# What to produce
Could you transcribe exactly the lines below, from the line with "Shirt Hawaiian Coloring" through the line with "ottoman seng med madras 100x200 cm stof sort", and nothing else, leaving out the pictures?

Information supplied Start Marker

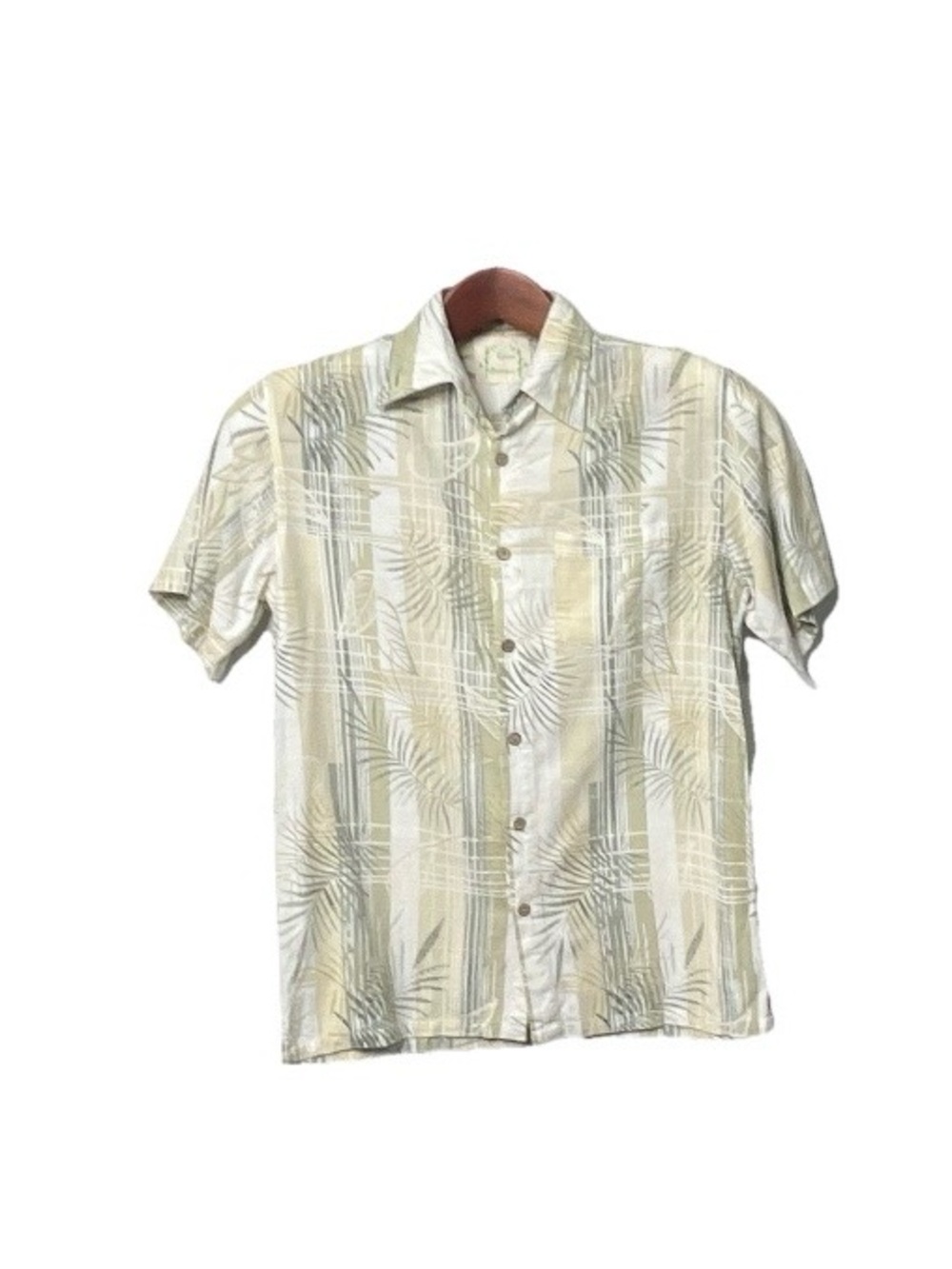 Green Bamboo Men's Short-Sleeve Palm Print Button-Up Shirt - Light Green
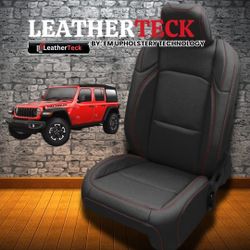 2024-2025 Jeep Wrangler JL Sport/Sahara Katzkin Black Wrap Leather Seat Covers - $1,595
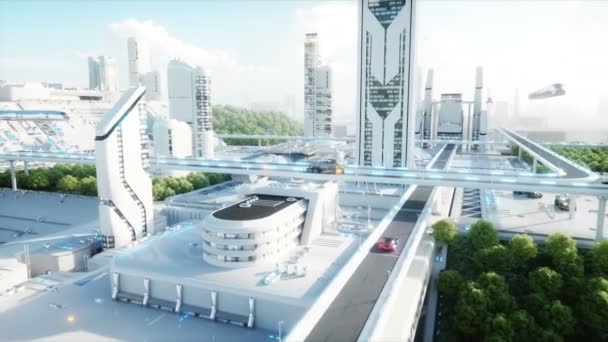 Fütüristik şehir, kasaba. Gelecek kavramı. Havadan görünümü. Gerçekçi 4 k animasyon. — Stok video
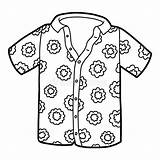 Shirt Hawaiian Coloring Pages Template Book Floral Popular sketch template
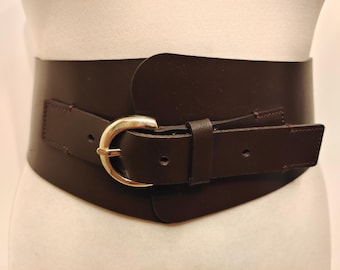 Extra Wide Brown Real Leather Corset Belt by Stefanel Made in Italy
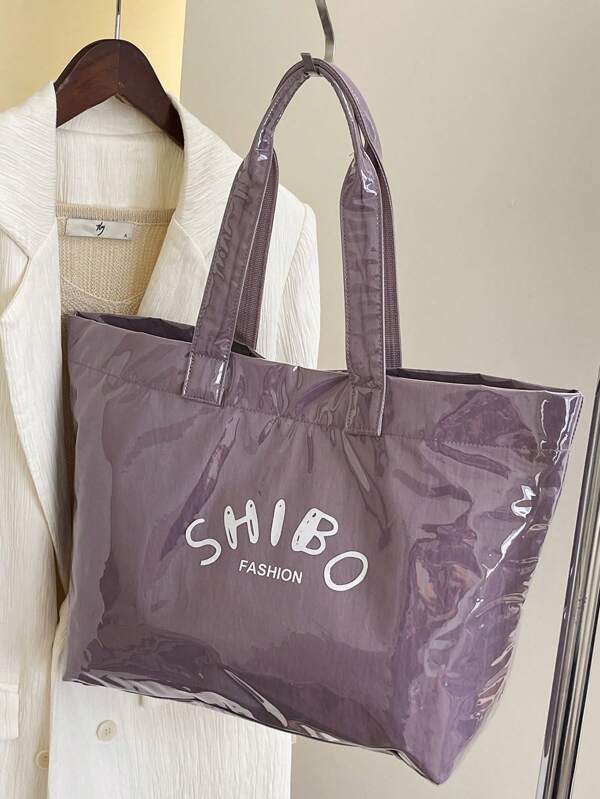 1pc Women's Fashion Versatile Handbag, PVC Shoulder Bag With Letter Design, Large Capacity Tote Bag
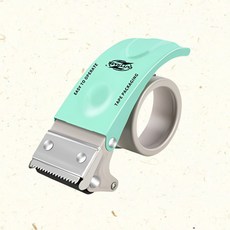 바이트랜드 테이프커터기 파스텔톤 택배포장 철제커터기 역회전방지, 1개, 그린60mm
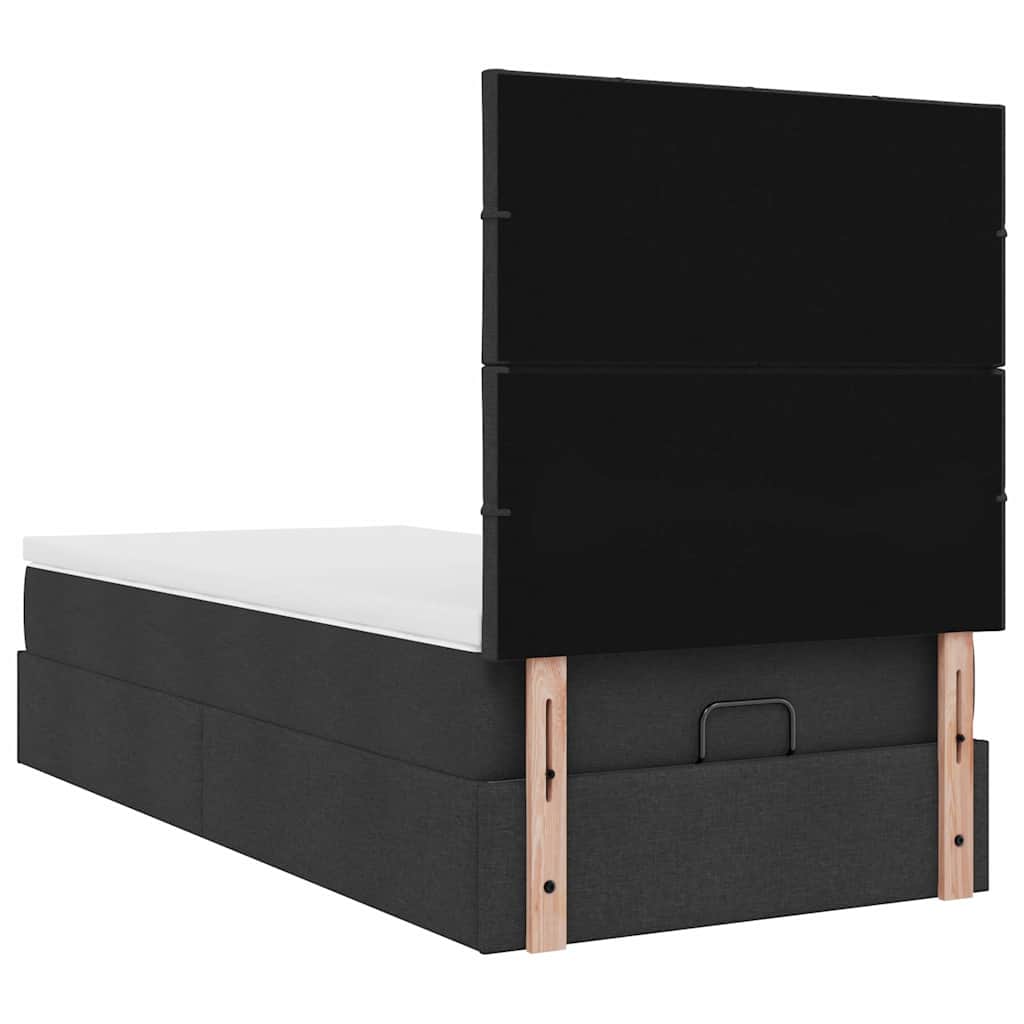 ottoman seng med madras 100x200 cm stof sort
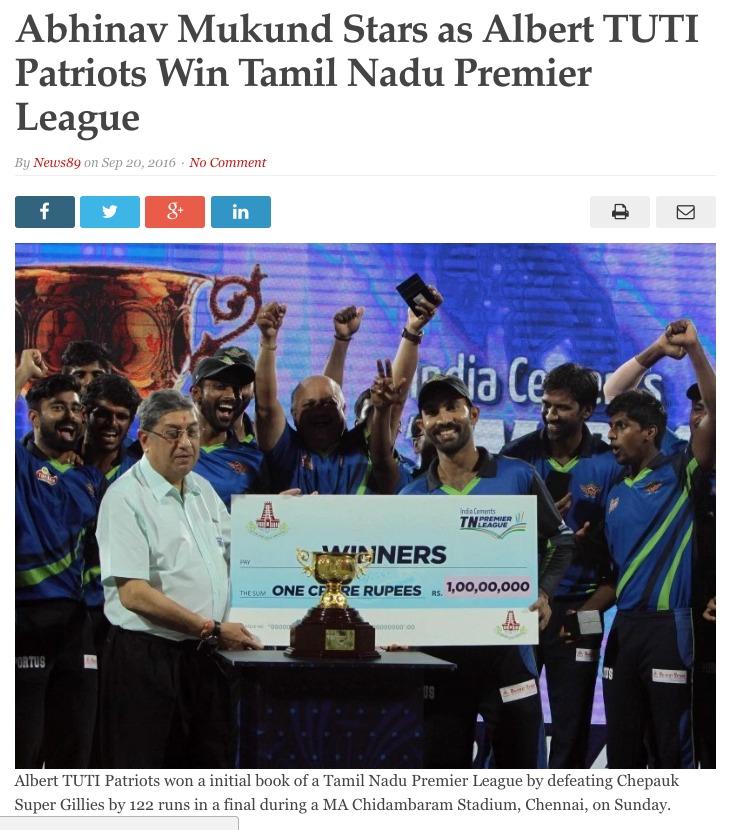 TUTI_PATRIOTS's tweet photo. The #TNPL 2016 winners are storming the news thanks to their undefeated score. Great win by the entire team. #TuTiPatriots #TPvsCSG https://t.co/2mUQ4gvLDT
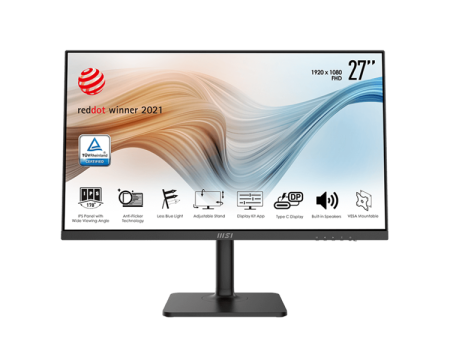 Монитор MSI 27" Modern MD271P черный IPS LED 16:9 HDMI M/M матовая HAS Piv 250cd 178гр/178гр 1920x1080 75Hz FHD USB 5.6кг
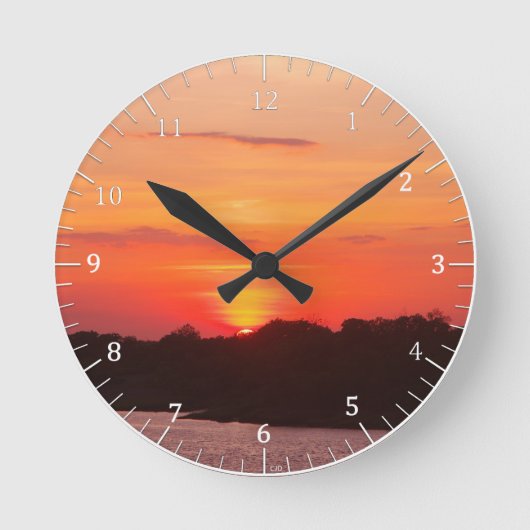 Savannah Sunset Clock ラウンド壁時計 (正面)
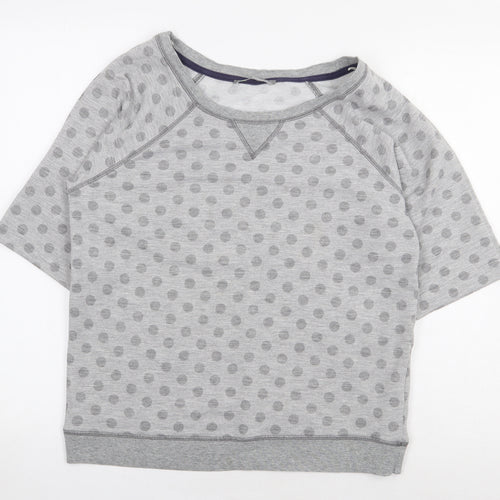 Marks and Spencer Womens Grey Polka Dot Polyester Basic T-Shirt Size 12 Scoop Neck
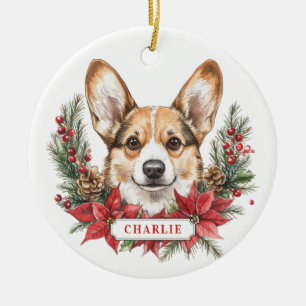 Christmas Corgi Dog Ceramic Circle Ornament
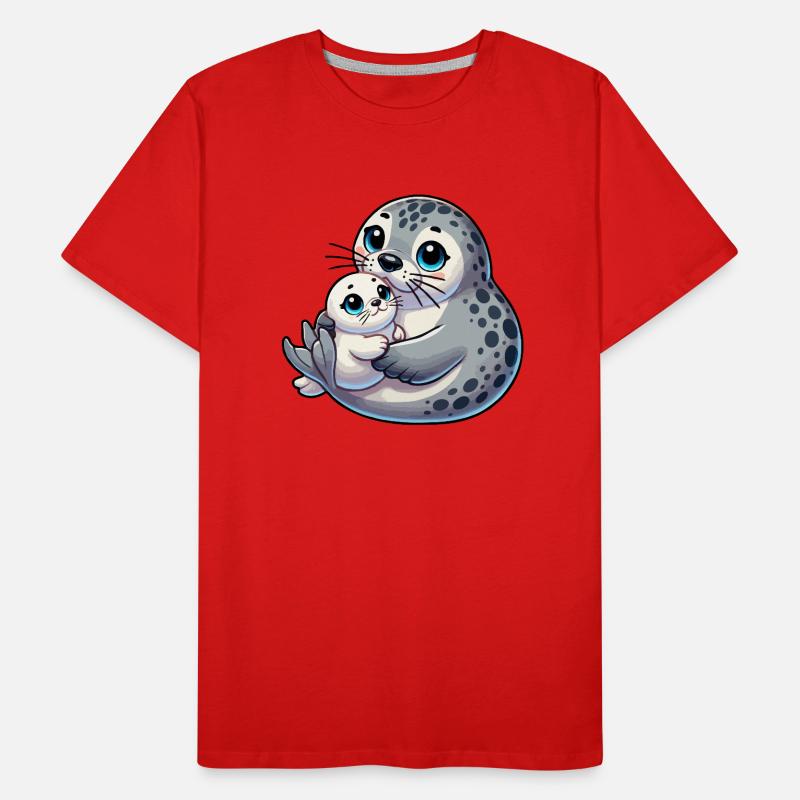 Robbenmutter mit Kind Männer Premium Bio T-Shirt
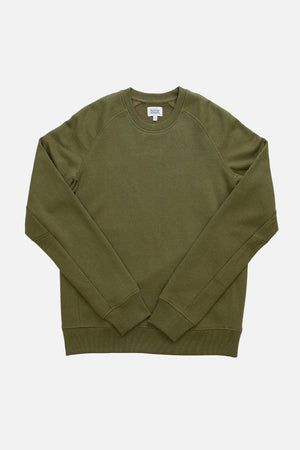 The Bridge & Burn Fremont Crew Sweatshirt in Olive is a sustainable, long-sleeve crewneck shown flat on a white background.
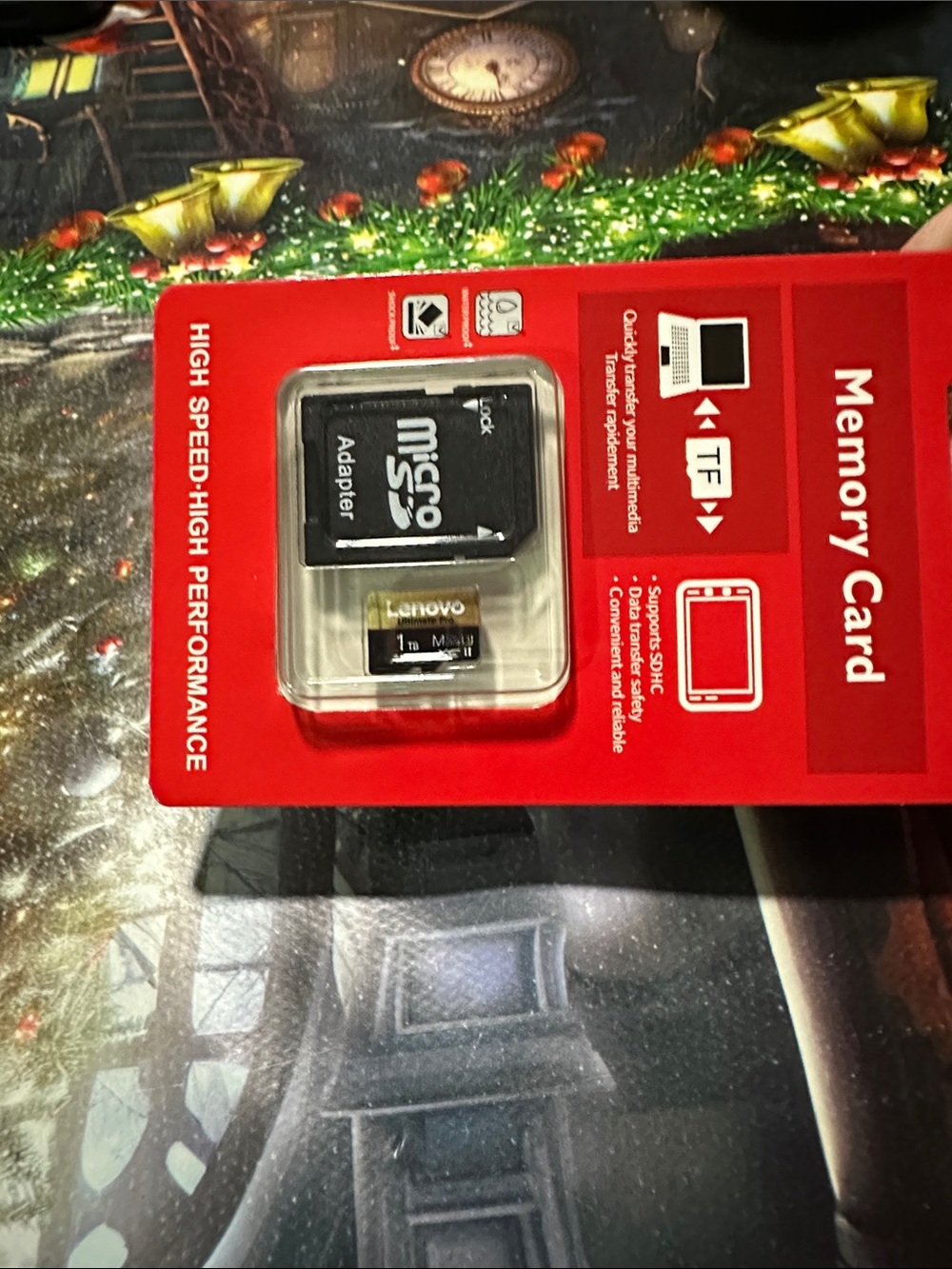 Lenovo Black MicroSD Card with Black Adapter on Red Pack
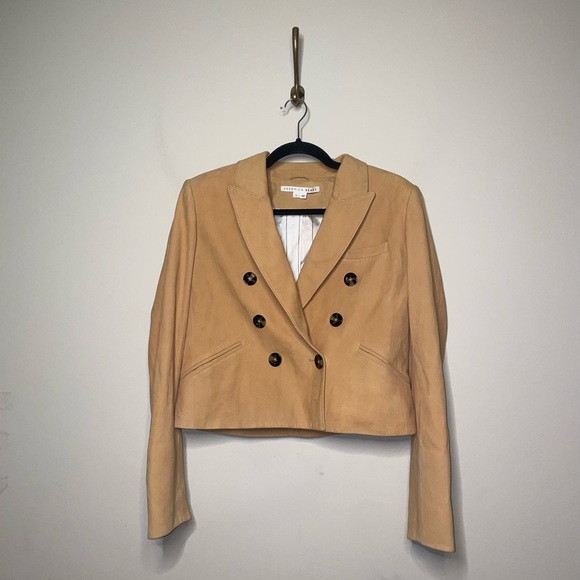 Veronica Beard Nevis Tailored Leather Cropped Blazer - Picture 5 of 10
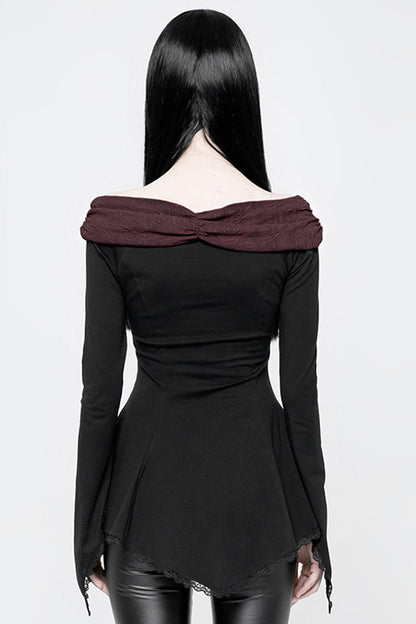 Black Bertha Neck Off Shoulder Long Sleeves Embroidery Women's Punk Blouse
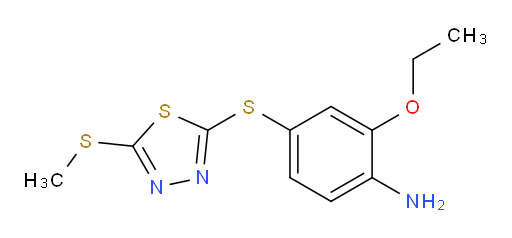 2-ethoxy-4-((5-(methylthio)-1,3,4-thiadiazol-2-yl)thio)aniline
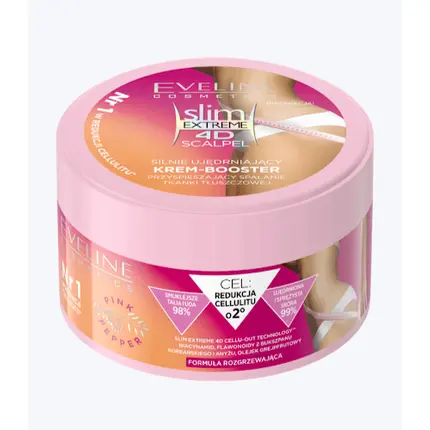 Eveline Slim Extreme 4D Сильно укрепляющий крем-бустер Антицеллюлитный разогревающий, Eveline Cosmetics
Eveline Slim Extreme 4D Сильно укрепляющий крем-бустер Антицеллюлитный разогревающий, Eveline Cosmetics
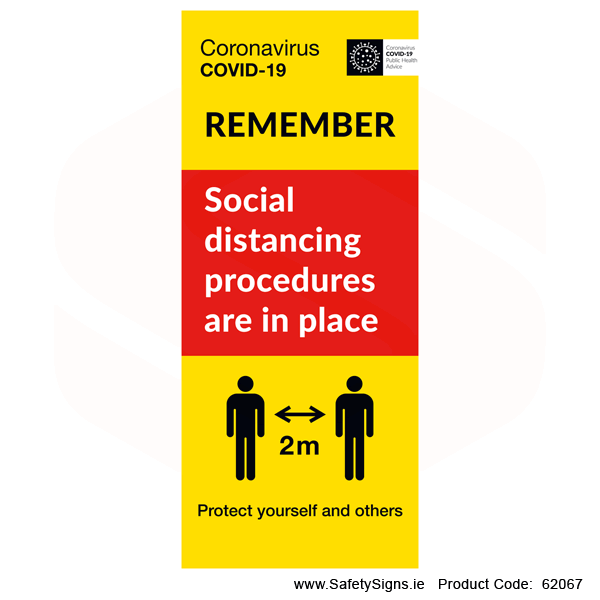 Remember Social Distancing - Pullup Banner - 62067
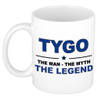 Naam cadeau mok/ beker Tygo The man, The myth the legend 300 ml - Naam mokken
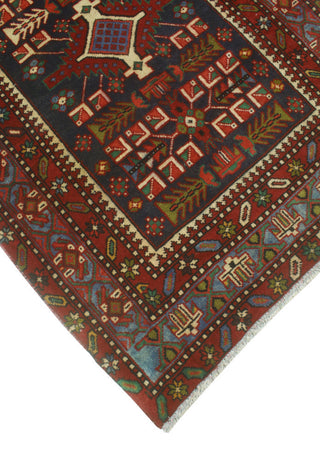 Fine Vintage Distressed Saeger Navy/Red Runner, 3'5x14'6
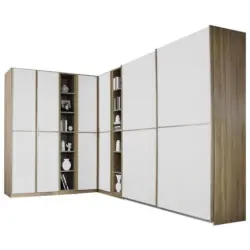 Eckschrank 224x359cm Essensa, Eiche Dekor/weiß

Information supplied End Marker

# Answer to the exercise
 Shirt Hawaiian Coloring Pages Template Book Floral Popular sketch template
 Extra Wide Brown Real Leather Corset Belt by Stefanel Made in Italy
 1pc Women's Fashion Versatile Handbag, PVC Shoulder Bag With Letter Design, Large Capacity Tote Bag
 바이트랜드 테이프커터기 파스텔톤 택배포장 철제커터기 역회전방지, 1개, 그린60mm
 ottoman seng med madras 100x200 cm stof sort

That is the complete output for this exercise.